Women in China are not discouraged from seeking powerful positions or from making money, either. In 2018, women accounted for 43.7% of the workforce and two-thirds of the world’s self-made female billionaires are from China.
Women in China also have more involvement when it comes to politics as the number of female representatives in the National People’s Congress (NPC) and the National Committee of Chinese People’s Political Consultative Conference (CPPCC) are currently at historical highs. Women made up 24.9% of national legislators at the 13th NPC and 20.4% of members of the 13th National Committee of the CPPCC.
A new wave of pride: Netizens are speaking up about female empowerment
Body positivity conversations in China are stronger than ever. People are welcoming a wider range of looks into the beauty standard spectrum and are becoming increasingly aware of issues related to body-shaming. In 2020, famous actress Gong Li, was photographed sporting a slightly curvier figure than what she was known for and there were plenty of nasty comments about her appearance on Weibo. The online trolls were slammed for being mean and having poor priorities, with many encouraging others to accept and love their bodies as they are and focus more on their health.
The pursuit of female representation is also apparent in the increasing number of children who are given their mother’s family name at birth, defying deeply entrenched traditions in the country. In 2019, 8.8% of newborns in Shanghai were given their mother’s last name and 2.5% had compound surnames.
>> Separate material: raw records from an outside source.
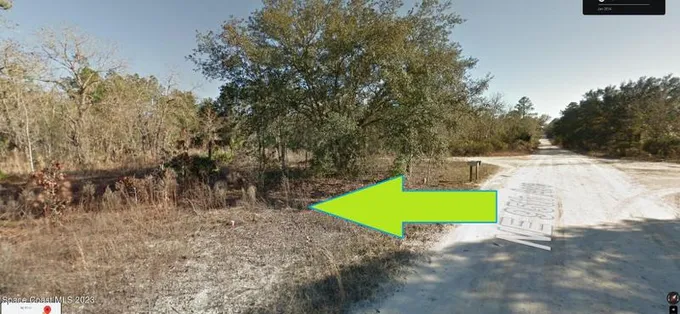 Bronson, Levy County, FL Undeveloped Land, Homesites for sale Property ID: 418010885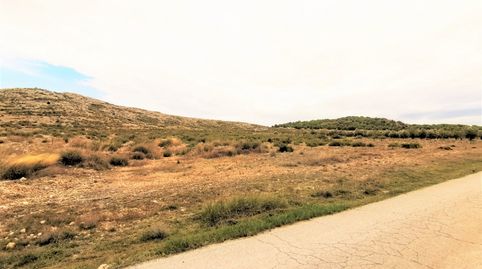 TERRENO EN CAÑADA ZONA CTRA. CAÑADA BIAR CON CANTERA, imatge 2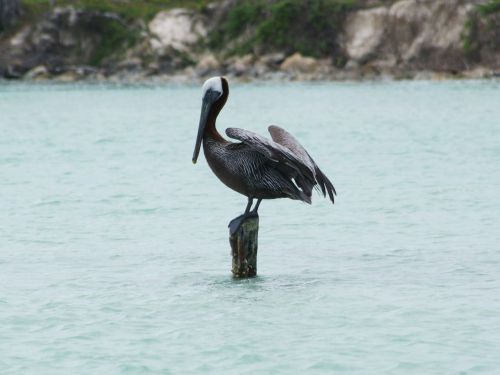 Pélican noir(méxique)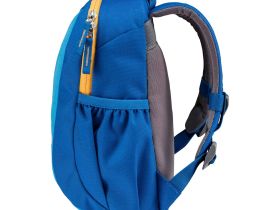Deuter Рюкзак Deuter Pico 5, цвет Розовый-Красный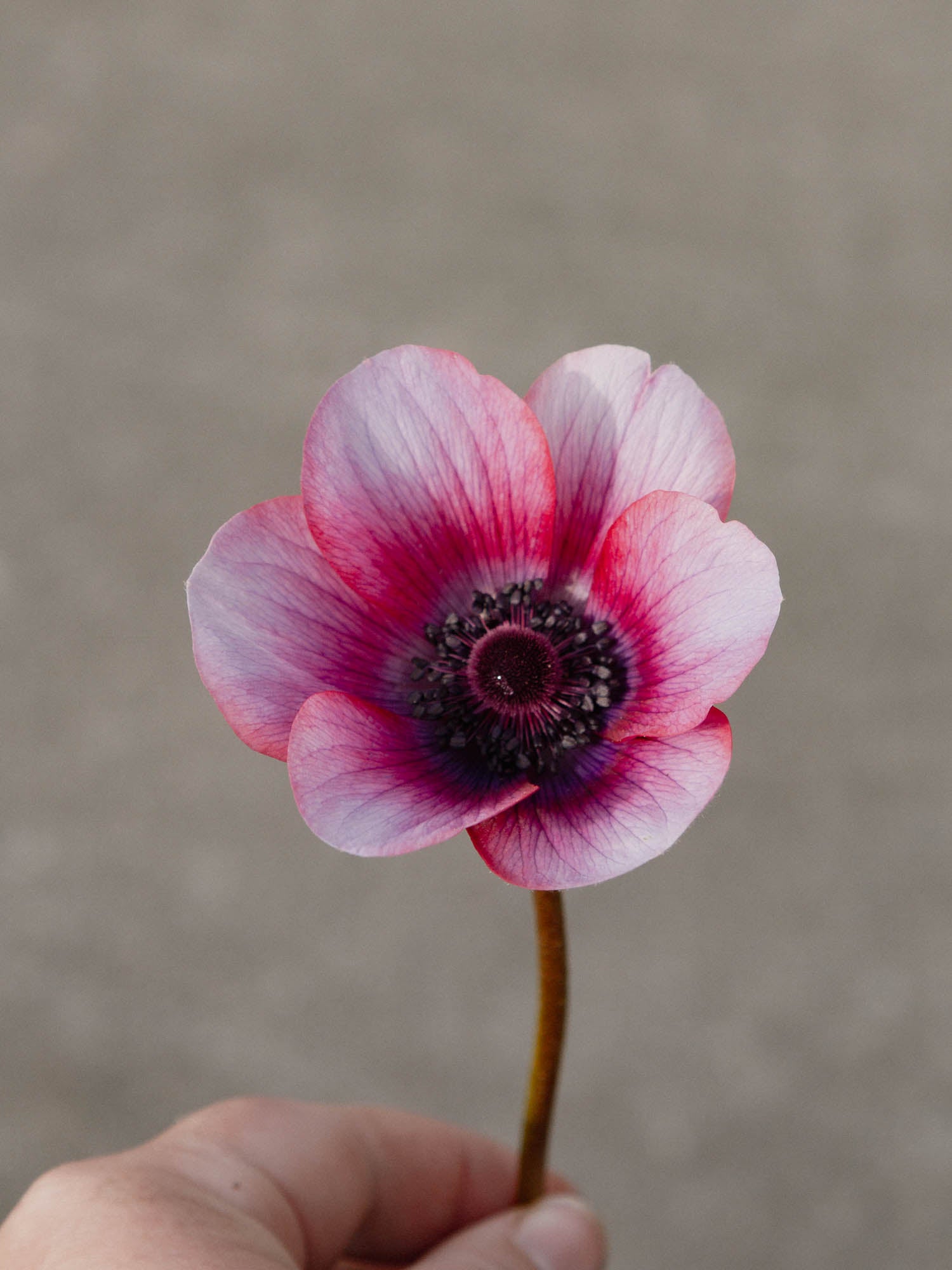 ANEMONE - Mona Lisa Wine White- PLANTS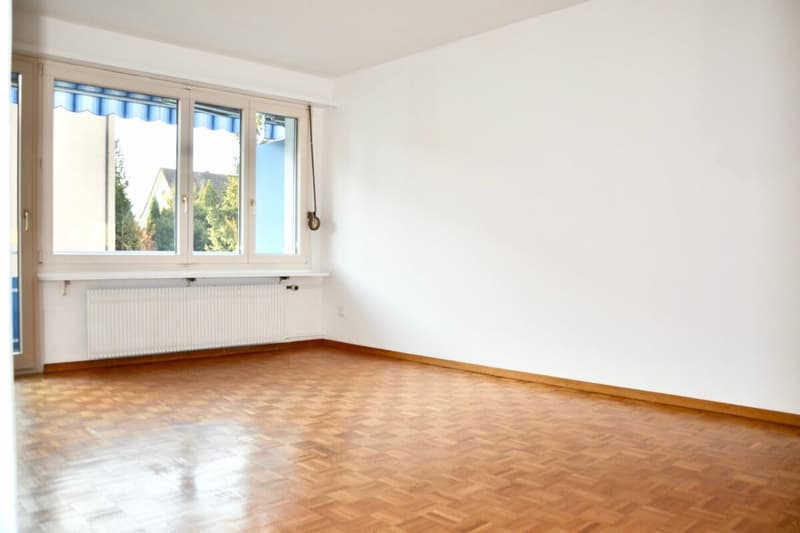 3.5 Zimmer Wohnung (3)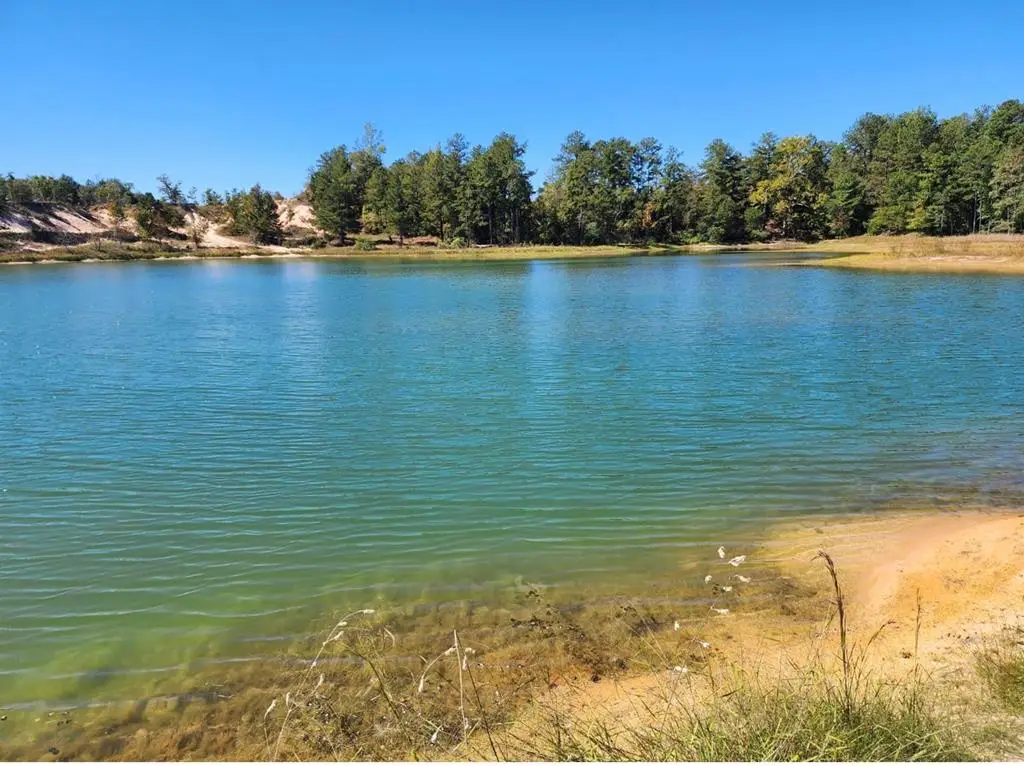 Address Withheld By Seller, Junction City, GA 31812 - #1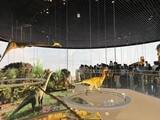 「8大展示ホールに標本7461点、華南エリア最大の自然博物館が深センでオープン―中国」の画像2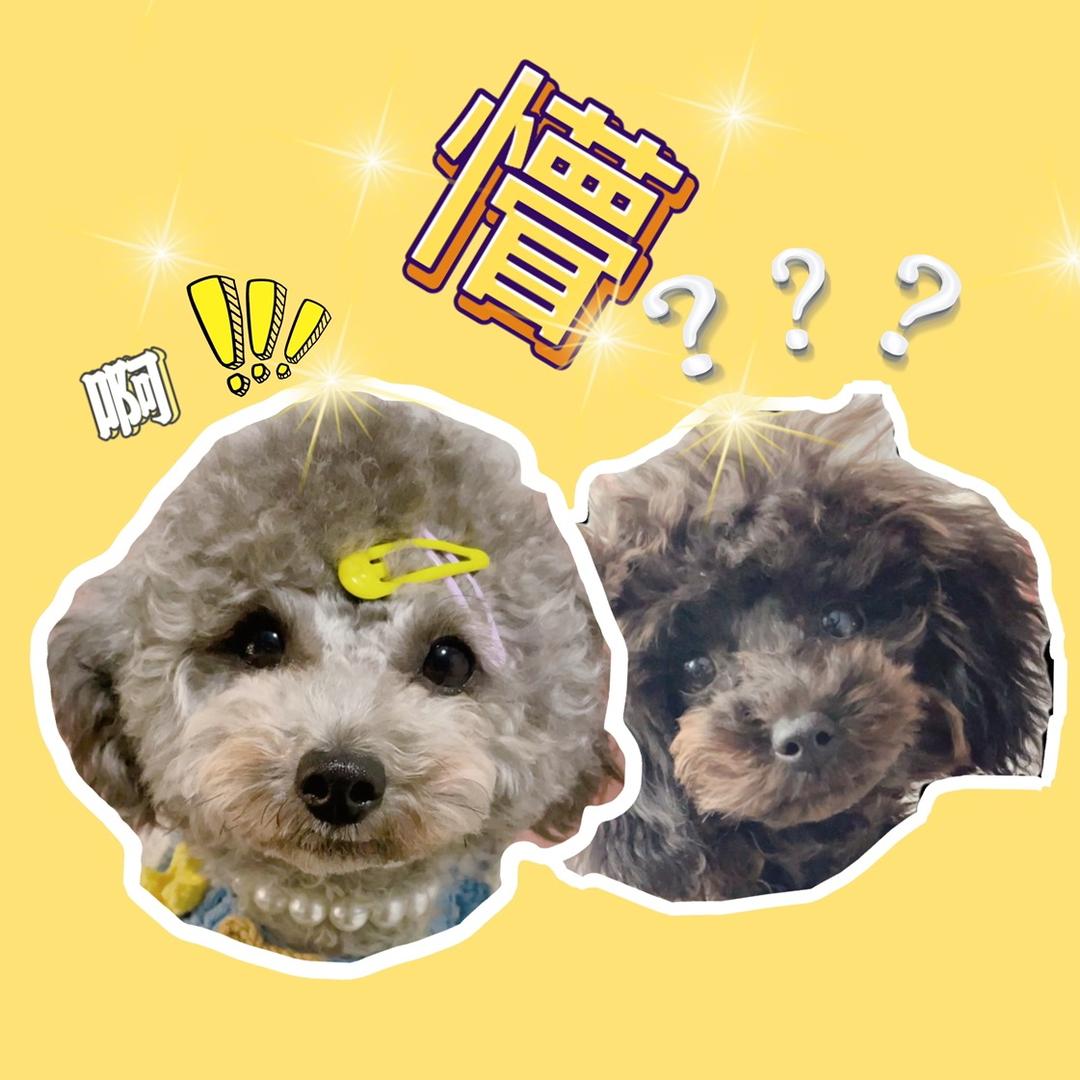 抱抱和十一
Female voices are driving change in business
One thing is certain, women in China are becoming increasingly conscious and vocal about inequality issues. The move toward more empowerment can also be seen in what’s called “The Sheconomy”. Women in China have increased spending power, both for themselves and the household. 42.7% of Chinese women in top-tier cities are willing to buy homes on their own instead of waiting until they are married or have children.
Gamers in China are also unique in that they have the largest national cohort of video game players in the world. About 290 million of them are women and girls. This has a strong influence on the kinds of games that are being developed in the industry; such as dating simulator games and palace intrigue games that revolve around plots, puzzles, and building up relationships with the characters. Many of the games are developed by all-female teams and women who compete at high-level esports.
However, conflicting expectations for women remain
With all the gains that have been made, there’s still much room for improvement and expectations of women can still be highly contradictory. China’s recent three-child policy is a prime example of this.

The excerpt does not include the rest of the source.